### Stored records
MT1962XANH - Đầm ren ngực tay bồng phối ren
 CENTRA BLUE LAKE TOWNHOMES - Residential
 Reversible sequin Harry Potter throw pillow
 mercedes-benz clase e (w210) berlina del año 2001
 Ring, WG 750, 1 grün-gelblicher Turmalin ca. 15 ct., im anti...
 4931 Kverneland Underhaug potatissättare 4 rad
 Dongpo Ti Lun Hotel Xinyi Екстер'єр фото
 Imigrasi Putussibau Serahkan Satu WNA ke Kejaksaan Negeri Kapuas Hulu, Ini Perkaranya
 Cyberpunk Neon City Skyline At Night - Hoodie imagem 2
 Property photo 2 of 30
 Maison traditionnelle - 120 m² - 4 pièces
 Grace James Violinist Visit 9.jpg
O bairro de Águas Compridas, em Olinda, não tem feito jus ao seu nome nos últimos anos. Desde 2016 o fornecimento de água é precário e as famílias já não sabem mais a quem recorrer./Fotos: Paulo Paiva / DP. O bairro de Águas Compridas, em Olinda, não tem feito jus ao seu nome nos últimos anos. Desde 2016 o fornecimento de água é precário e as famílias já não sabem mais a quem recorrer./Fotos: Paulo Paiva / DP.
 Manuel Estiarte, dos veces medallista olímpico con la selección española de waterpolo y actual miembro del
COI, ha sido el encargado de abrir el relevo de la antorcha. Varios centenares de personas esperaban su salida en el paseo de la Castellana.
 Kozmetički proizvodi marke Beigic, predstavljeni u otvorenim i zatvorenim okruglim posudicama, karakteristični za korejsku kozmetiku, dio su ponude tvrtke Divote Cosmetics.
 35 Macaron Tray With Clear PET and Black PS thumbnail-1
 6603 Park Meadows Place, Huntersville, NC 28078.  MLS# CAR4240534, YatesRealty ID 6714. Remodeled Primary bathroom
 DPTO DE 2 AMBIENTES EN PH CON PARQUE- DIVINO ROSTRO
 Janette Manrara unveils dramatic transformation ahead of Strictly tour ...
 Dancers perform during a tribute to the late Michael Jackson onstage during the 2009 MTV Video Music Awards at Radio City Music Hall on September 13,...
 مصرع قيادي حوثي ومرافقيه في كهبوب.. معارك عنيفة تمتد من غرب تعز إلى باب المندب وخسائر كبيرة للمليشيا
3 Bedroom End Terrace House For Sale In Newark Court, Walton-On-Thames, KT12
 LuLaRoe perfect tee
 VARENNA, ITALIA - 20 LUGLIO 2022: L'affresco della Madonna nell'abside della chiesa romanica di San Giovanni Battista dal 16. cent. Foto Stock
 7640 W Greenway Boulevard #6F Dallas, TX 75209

### Work instructions
Your answer should consist of each line above in which "City" appears.

### Answer box
 Cyberpunk Neon City Skyline At Night - Hoodie imagem 2
 Dancers perform during a tribute to the late Michael Jackson onstage during the 2009 MTV Video Music Awards at Radio City Music Hall on September 13,...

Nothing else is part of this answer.